# boat cover



## goosefever (Feb 3, 2008)

I have a 76 Bayliner that I need a custom ****pit cover made for. Anyone know of a good upholstey shop in northern utah.


----------



## Huge29 (Sep 17, 2007)

Sugarhouse Awning seems to be the market leader, but be prepared to pay top dollar.


----------



## k2muskie (Oct 6, 2007)

Agree 100% with Huge29...you'll pay a nice hunk with Sugarhouse...done did that...I'm going to check out this guy per folks at work...highly recommended from them...

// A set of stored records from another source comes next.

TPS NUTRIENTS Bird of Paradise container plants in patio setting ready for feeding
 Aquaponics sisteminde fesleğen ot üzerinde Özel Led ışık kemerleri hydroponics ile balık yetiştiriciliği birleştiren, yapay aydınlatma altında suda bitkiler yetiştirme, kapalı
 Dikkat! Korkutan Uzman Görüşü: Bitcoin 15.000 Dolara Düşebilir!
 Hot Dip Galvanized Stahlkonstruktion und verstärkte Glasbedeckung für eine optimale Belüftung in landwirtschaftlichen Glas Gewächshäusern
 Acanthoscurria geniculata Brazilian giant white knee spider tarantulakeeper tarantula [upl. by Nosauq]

...so with Northern Utah don't know exactly what your driving distance may be...but folks who recommended him stated take your boat he measures plus doesn't have to keep the boat...when the cover is done he calls and I believe even makes sure the cover fits and what you wanted before you drive off...I've yet to contact him but will be very shortly...

Anyhoo heres the name and phone number...

Rick - (801)773-7999, or (801)725-2109, he's in Clearfield

:| :|


----------



## Huge29 (Sep 17, 2007)

Now that I think about it, my dad had a gal in Emery County do a travel cover for about half of what Sugarhouse charges, but I assume that would be too far for you as they do have to actually see the boat.


----------